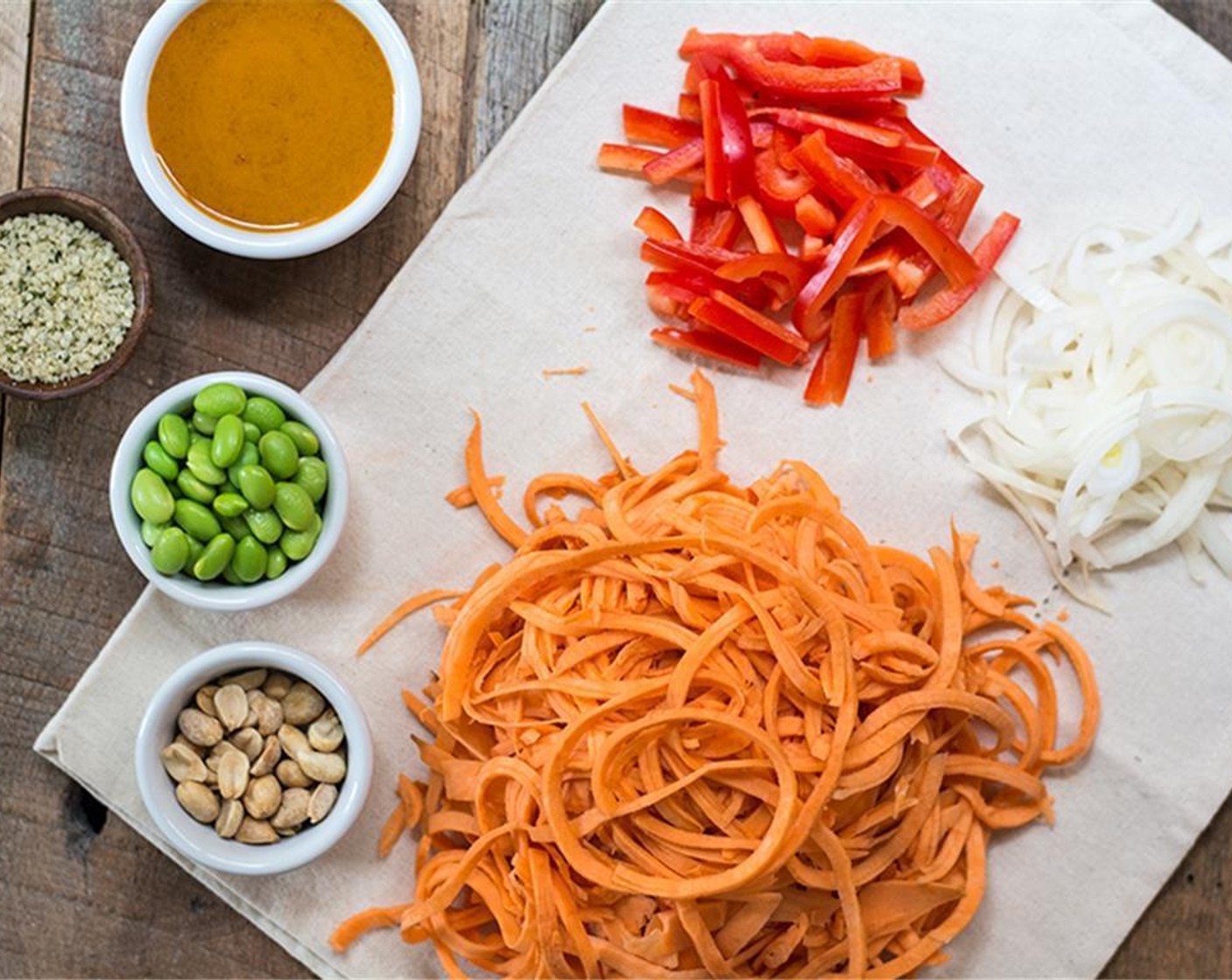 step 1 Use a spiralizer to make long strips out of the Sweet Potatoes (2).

------------------------------------------------------------

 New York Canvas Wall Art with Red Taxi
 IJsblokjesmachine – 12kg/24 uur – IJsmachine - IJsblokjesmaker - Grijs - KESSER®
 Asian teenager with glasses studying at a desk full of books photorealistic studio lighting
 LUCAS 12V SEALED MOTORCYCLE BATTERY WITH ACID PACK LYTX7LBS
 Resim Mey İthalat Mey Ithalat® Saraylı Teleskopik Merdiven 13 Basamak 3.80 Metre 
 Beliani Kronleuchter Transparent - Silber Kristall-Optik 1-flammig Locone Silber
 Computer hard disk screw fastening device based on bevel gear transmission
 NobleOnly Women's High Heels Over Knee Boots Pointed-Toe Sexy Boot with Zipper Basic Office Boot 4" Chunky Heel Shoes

------------------------------------------------------------

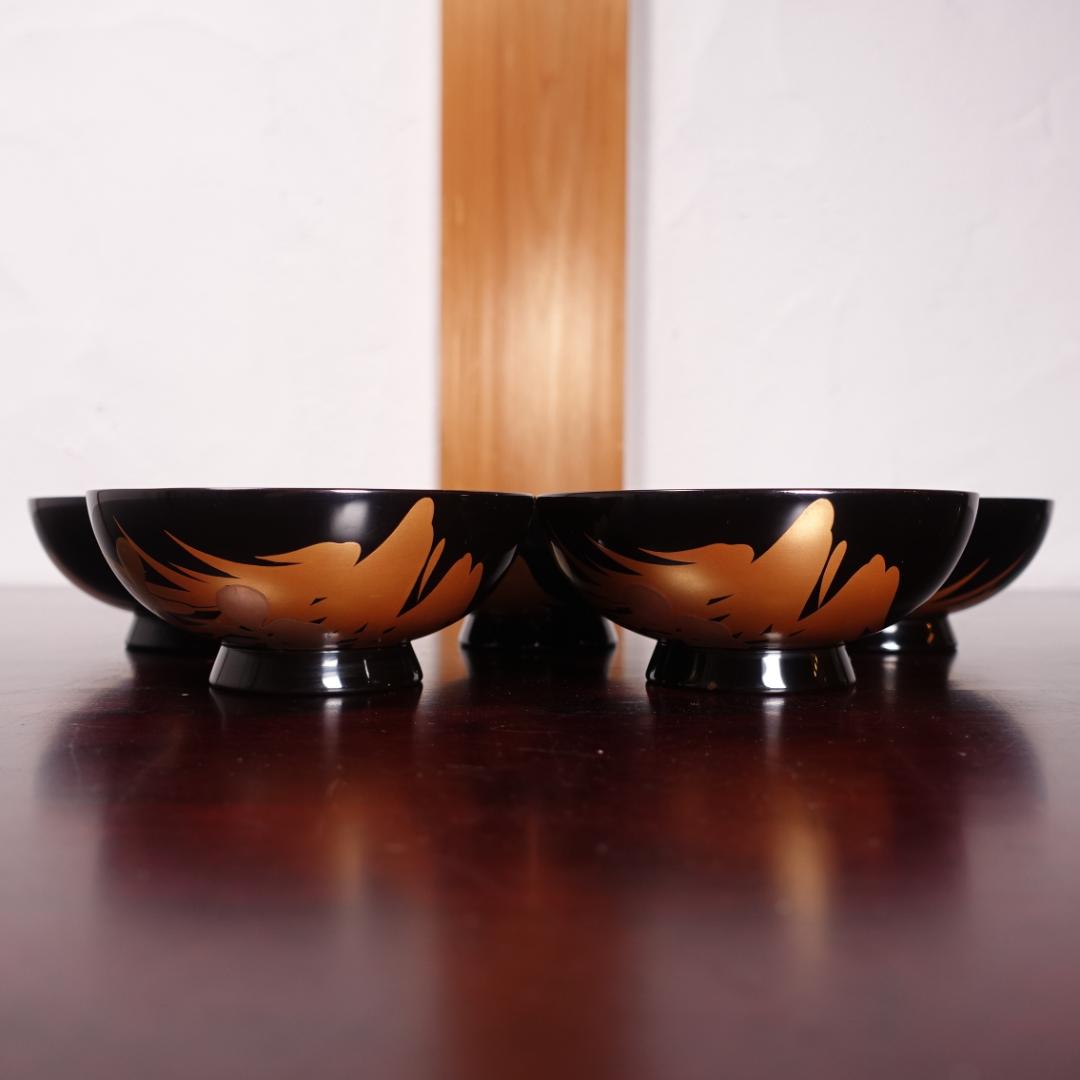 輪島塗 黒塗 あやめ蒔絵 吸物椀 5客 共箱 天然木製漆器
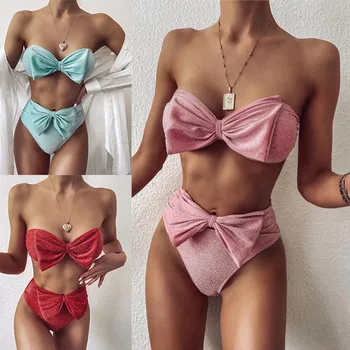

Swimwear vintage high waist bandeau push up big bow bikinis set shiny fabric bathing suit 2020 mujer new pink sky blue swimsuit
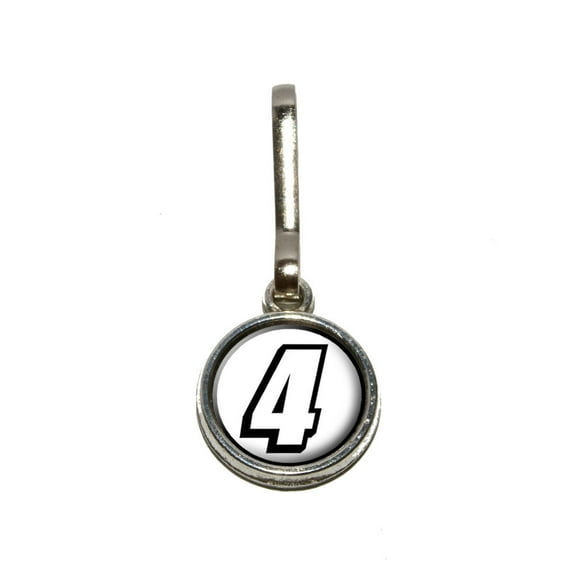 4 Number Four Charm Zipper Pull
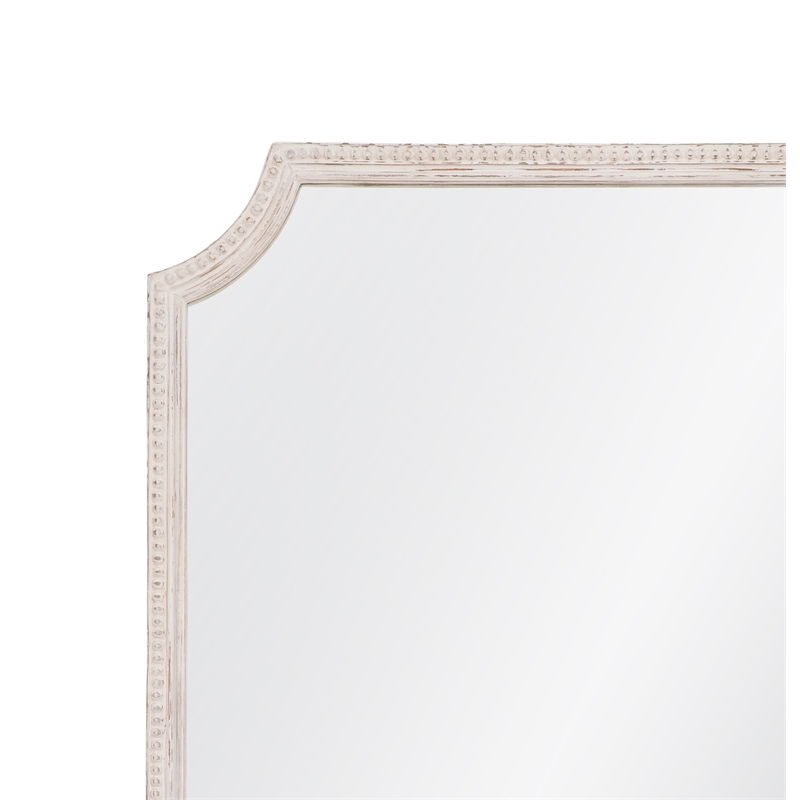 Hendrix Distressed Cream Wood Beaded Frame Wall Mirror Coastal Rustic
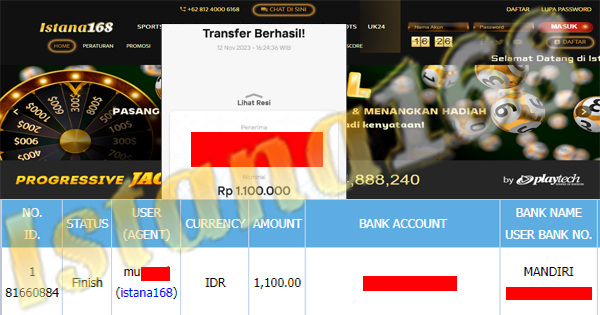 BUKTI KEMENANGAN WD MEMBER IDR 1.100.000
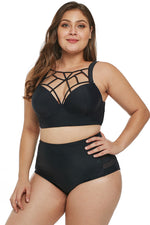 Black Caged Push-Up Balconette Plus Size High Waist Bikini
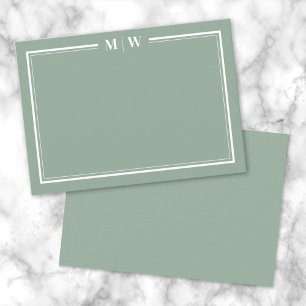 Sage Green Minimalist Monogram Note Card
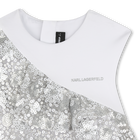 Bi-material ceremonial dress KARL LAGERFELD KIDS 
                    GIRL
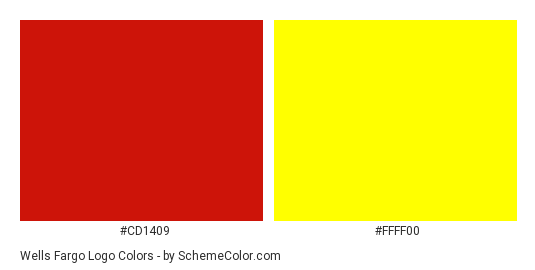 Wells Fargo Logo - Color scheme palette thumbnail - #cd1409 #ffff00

------------------------------------------------------------

Activity → Your reply should consist solely of the lines above from the line containing "BUKTI KEMENANGAN WD MEMBER IDR 1.100.000" up to and including the line containing "Wells Fargo Logo", reproduced exactly, minus the pictures.

Answer space →
 BUKTI KEMENANGAN WD MEMBER IDR 1.100.000
 Black Caged Push-Up Balconette Plus Size High Waist Bikini
 Sage Green Minimalist Monogram Note Card
 Bi-material ceremonial dress KARL LAGERFELD KIDS 
                    GIRL
 Wells Fargo Logo - Color scheme palette thumbnail - #cd1409 #ffff00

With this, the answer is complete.